What the exercise asks: Please set out each line below exactly as it stands, without the images.

Data excerpt:
=======
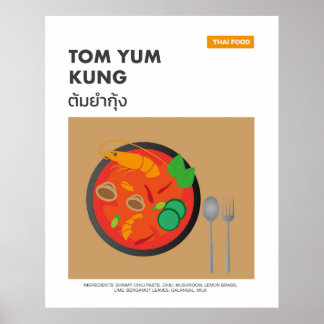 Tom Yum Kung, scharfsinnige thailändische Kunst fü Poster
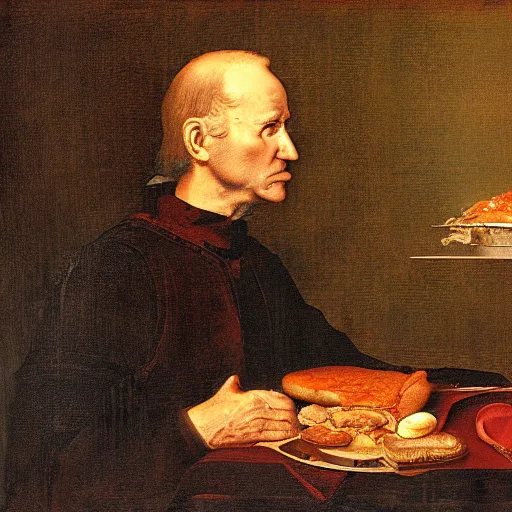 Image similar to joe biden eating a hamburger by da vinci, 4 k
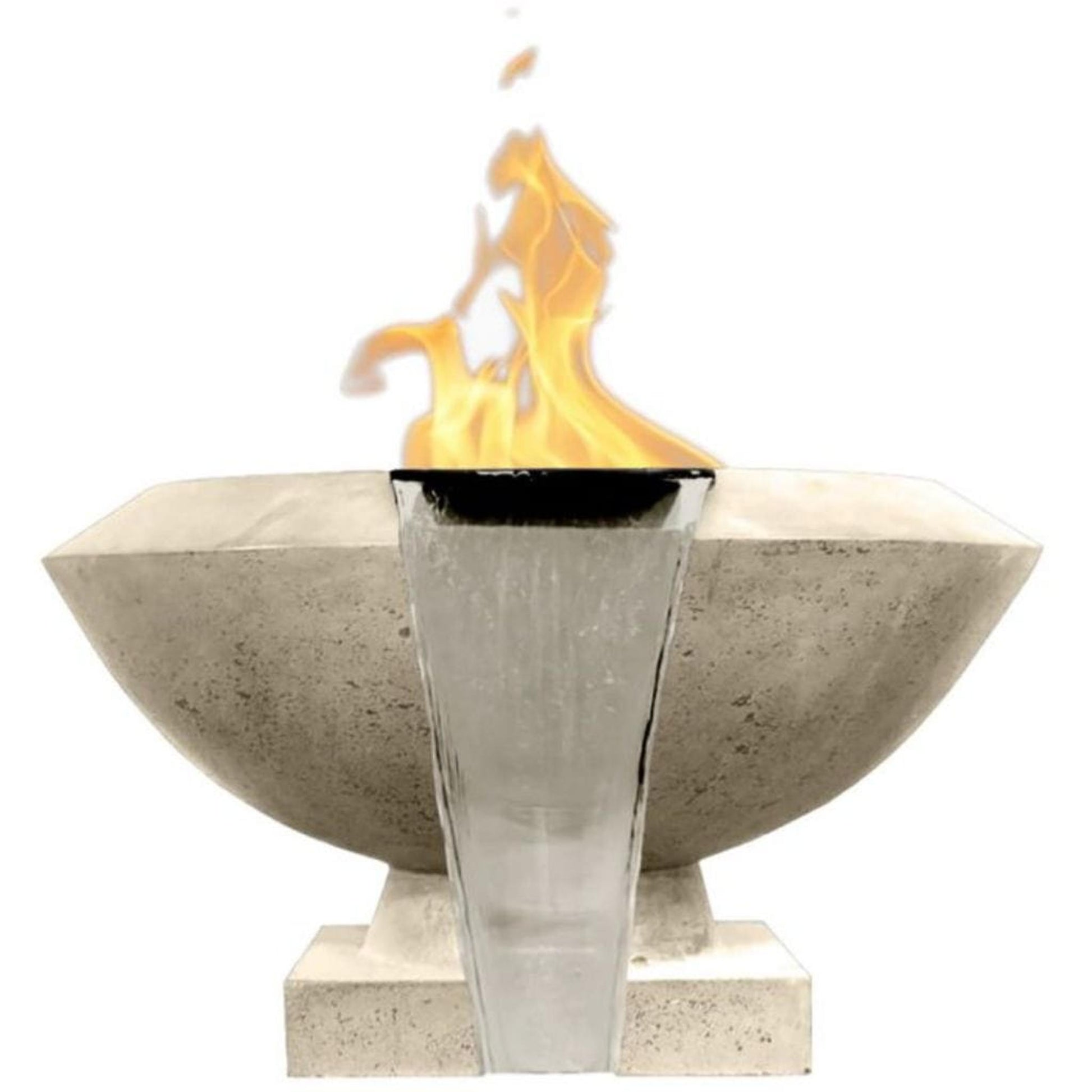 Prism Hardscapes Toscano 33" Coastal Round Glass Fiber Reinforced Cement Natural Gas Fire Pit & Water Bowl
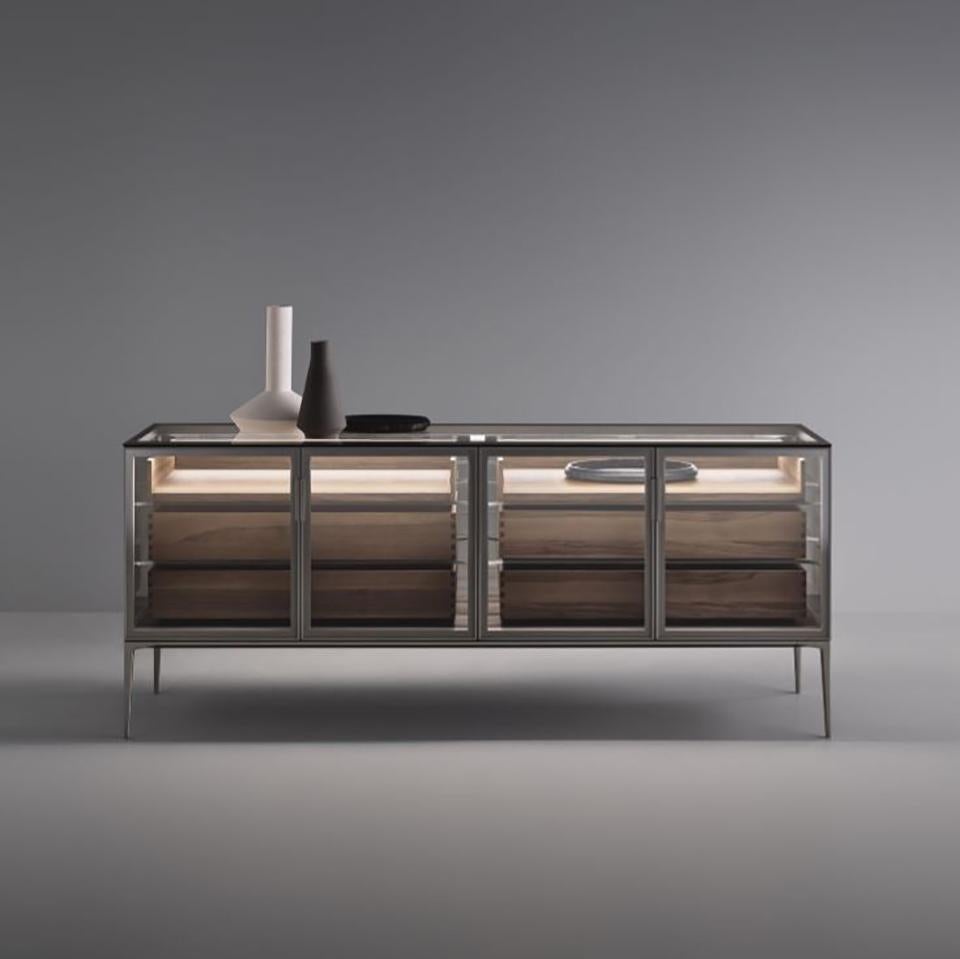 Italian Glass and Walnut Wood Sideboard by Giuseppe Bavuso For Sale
=======
Exercise solution:
 Tom Yum Kung, scharfsinnige thailändische Kunst fü Poster
 Image similar to joe biden eating a hamburger by da vinci, 4 k
 Prism Hardscapes Toscano 33" Coastal Round Glass Fiber Reinforced Cement Natural Gas Fire Pit & Water Bowl
 Italian Glass and Walnut Wood Sideboard by Giuseppe Bavuso For Sale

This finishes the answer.